TASK TO CARRY OUT
Starting with the line that has "Roslin Incline Stylus Pen" in the records below and stopping after the line that has "Produktbild för Evoluent", output every line exactly and nothing else; skip pictures.

SUPPLIED INFORMATION
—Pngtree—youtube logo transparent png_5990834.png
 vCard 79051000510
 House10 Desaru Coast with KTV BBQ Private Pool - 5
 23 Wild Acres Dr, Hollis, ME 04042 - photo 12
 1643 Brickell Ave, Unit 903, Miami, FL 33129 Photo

--

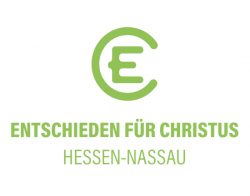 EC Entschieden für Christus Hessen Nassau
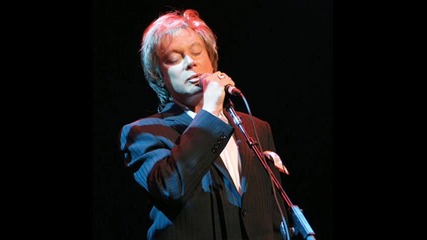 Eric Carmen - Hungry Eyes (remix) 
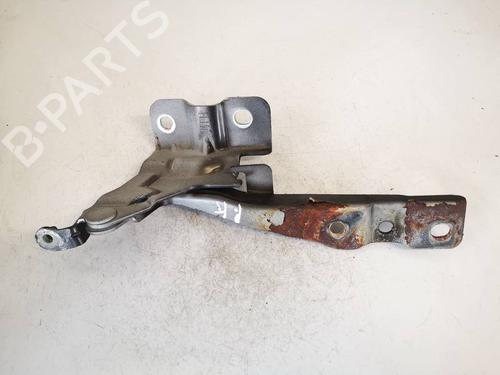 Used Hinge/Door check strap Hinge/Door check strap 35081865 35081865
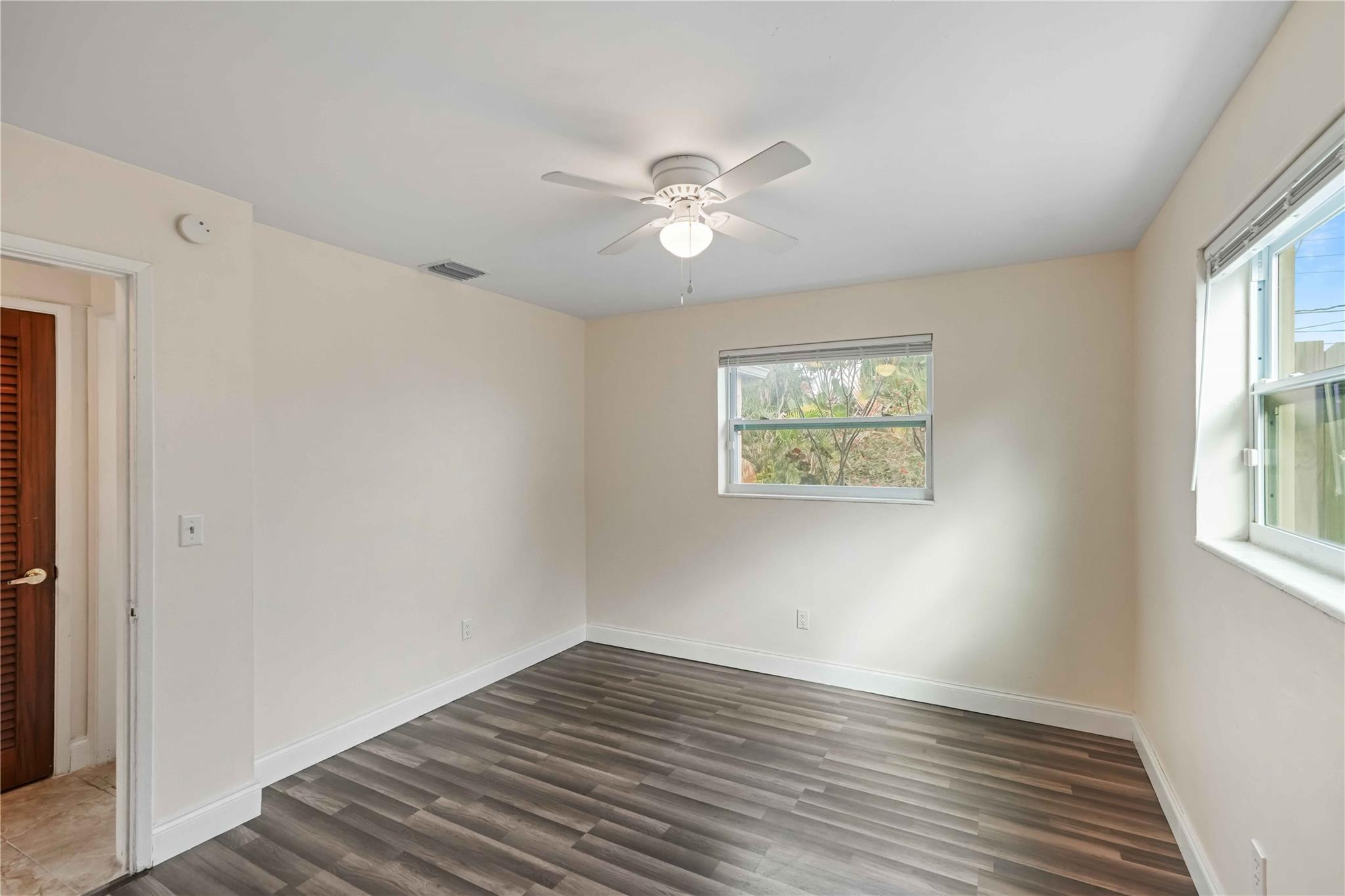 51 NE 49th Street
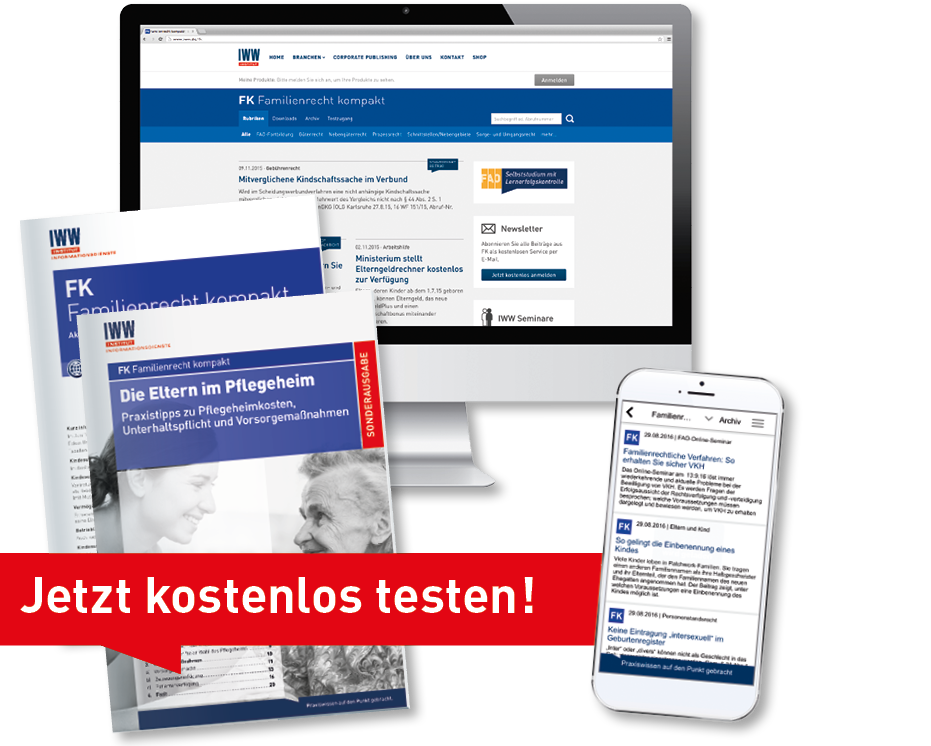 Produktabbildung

==

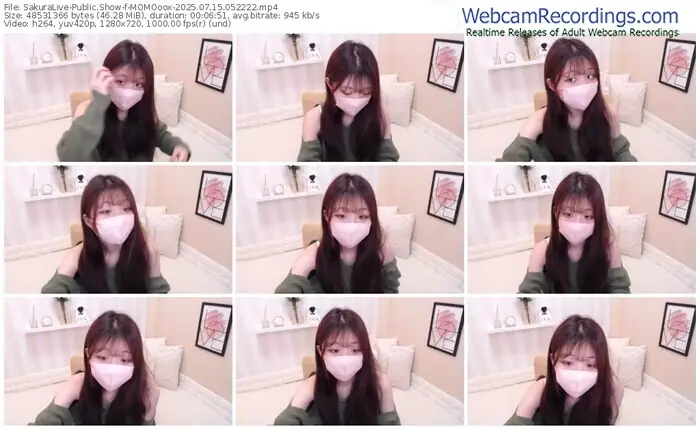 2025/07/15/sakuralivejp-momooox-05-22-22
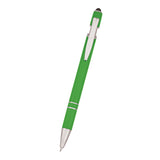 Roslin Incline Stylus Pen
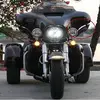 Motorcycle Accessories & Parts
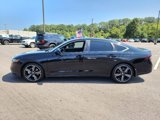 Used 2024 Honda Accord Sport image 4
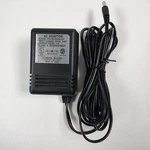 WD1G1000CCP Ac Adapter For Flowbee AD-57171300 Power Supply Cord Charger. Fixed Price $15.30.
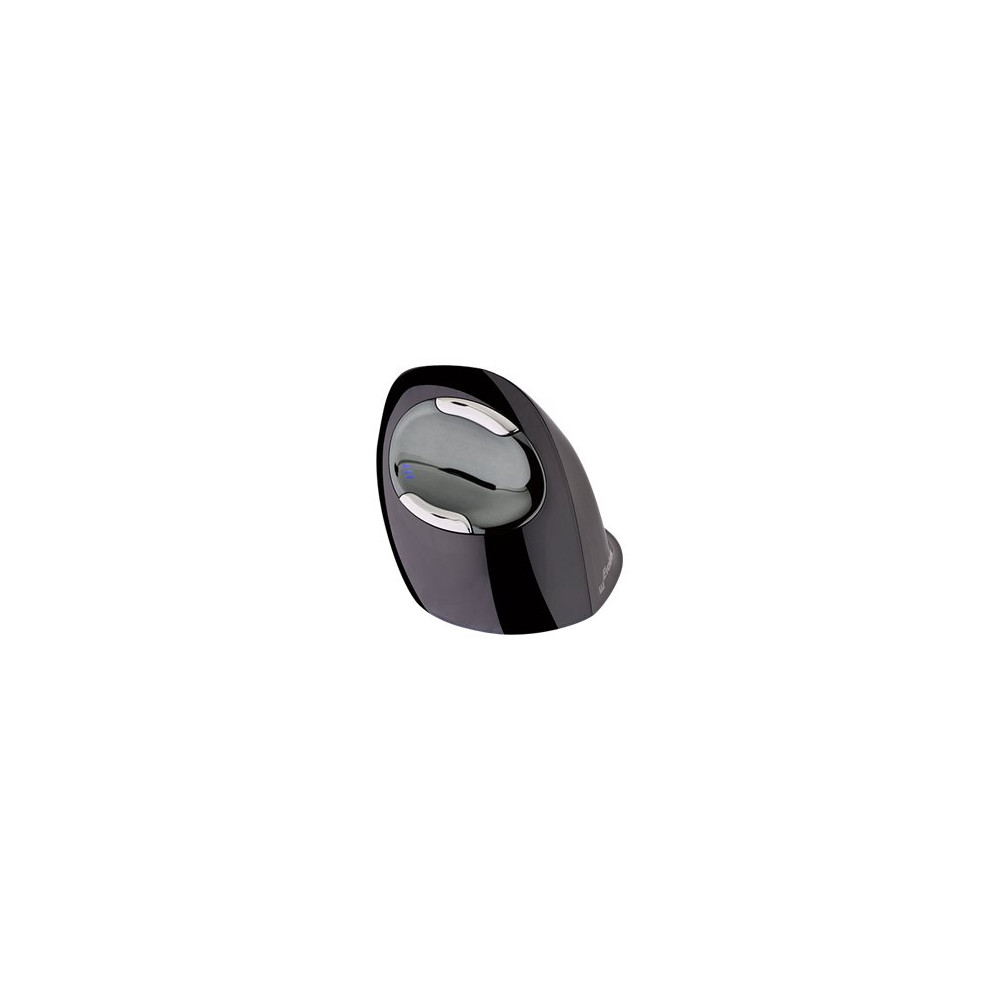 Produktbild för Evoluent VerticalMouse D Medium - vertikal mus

SOLUTION FOR THIS PROBLEM
 Roslin Incline Stylus Pen
 Motorcycle Accessories & Parts
 Used 2024 Honda Accord Sport image 4
 WD1G1000CCP Ac Adapter For Flowbee AD-57171300 Power Supply Cord Charger. Fixed Price $15.30.
 Produktbild för Evoluent VerticalMouse D Medium - vertikal mus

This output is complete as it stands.